I'm trying to remove elements from a list (list is stored in a pandas dataframe) with .remove()
. The base idea is that i iterate through all the rows in the dataframe then every element in the row (=list), and check whether that particular element is a keeper or a "goner"
data=dict()
data=pd.read_csv('raw_output_v2.csv', names=['ID','Body'])
data['Body']=data['Body'].apply(eval)
keyword_dict={}
for row in tqdm(data['Body'], desc="building dict"):
for word in row:
if word in keyword_dict:
keyword_dict[word]+=1
else:
keyword_dict[word]=1
new_df=remove_sparse_words_from_df(data, keyword_dict, cutoff=1_000_000)

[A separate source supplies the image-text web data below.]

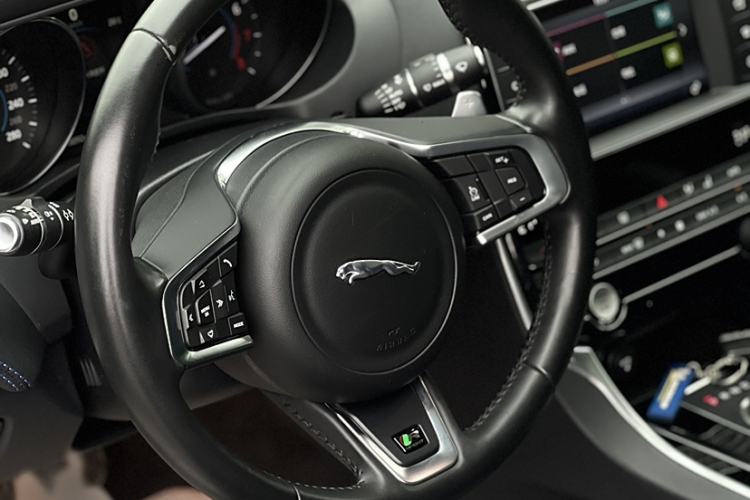 Used Jaguar XE 2018 2.0T 250 PS Two-Wheel-Drive R-Sport Sport Edition Interior 2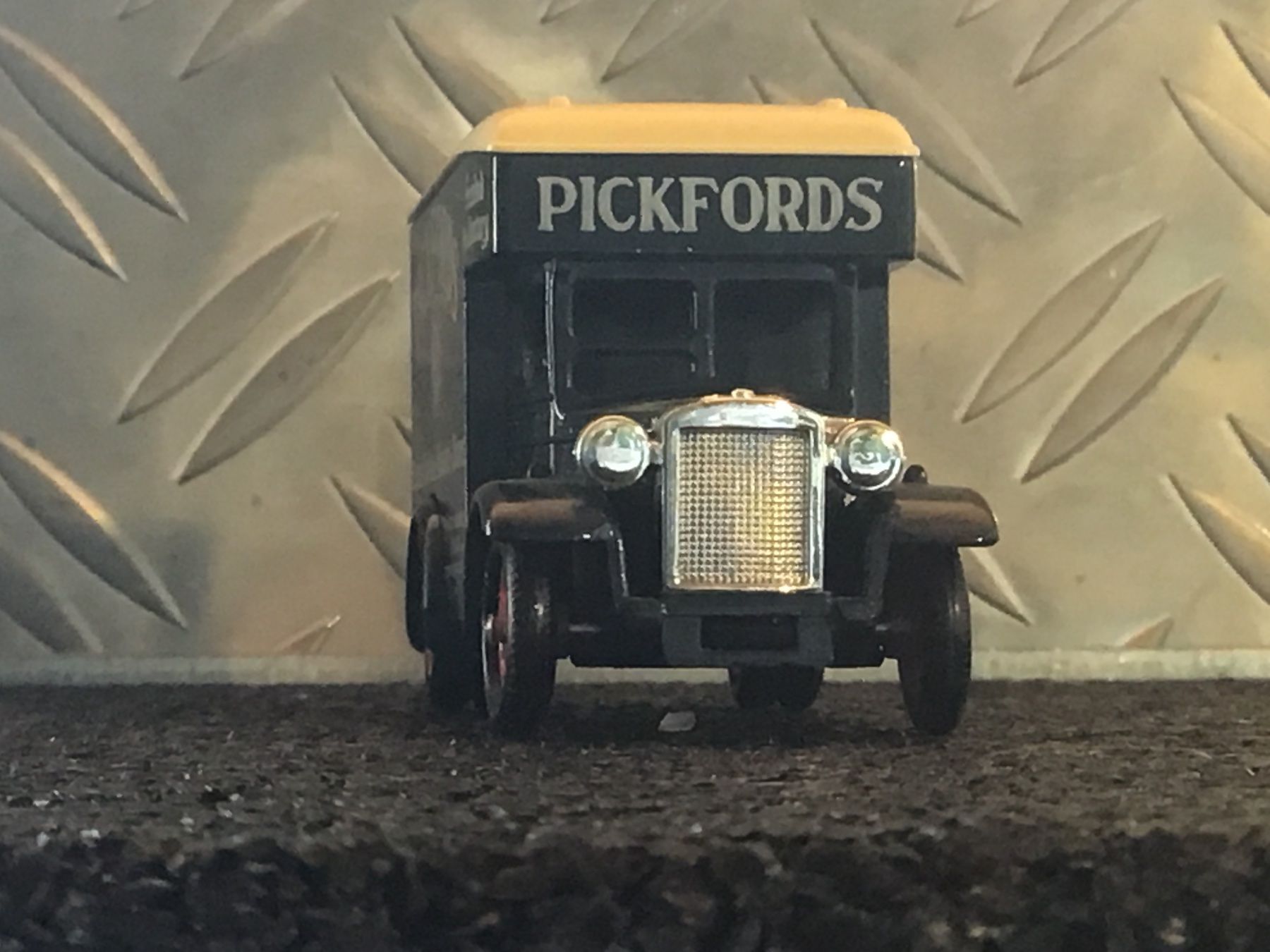 Kit di modellismo & Modellini statici: MODEL PICKFORDS EXPRESS CARRIERS- REMOVERS -STORERS – Usato da Männedorf venduto da Spezial-Modelle 1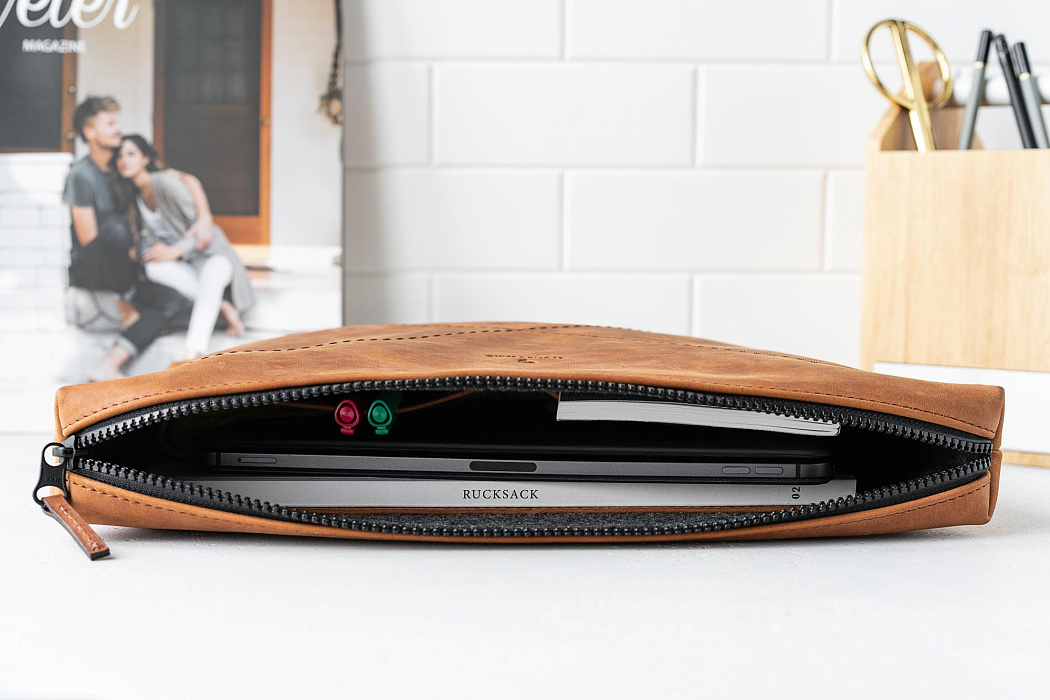 Чехол Stoneguard 522 для MacBook Pro/Air 13'' (Rust) купить в интернет-магазине icover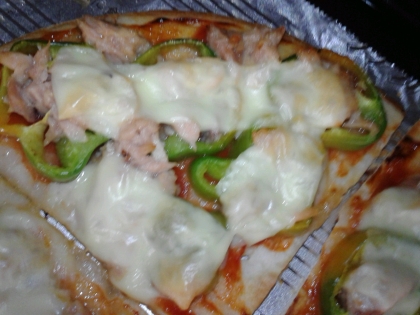 フライパンで焼く、ツナのピザ(o^^o)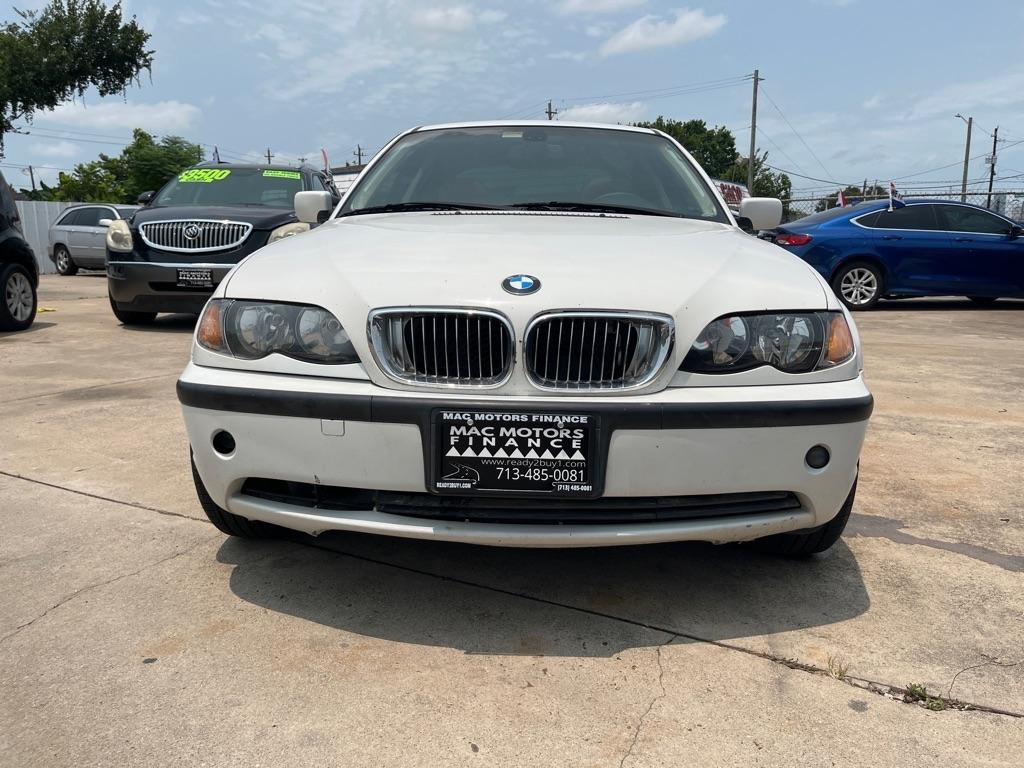 BMW 3-Series 325i Sedan 2005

And here is the important stuff:
def remove_sparse_words_from_df(df, term_freq, cutoff=1):
i=0
for row in tqdm(df['Body'],desc="cleaning df"):
for word in row:
if term_freq[word]<=cutoff:
row.remove(word)
else:
continue
return df
I've uploaded a short example csv to be used here: https://pastebin.com/g25bHCC7.
My problem is: the remove_sparse_words_from_df
function removes some occurances of the words that fall below cutoff, but not all. Example: the word "clean" occurs ~10k in the original dataframe (data), after running remove_sparse_words_from_df
about 2k still remains. Same with other words.
What am I missing?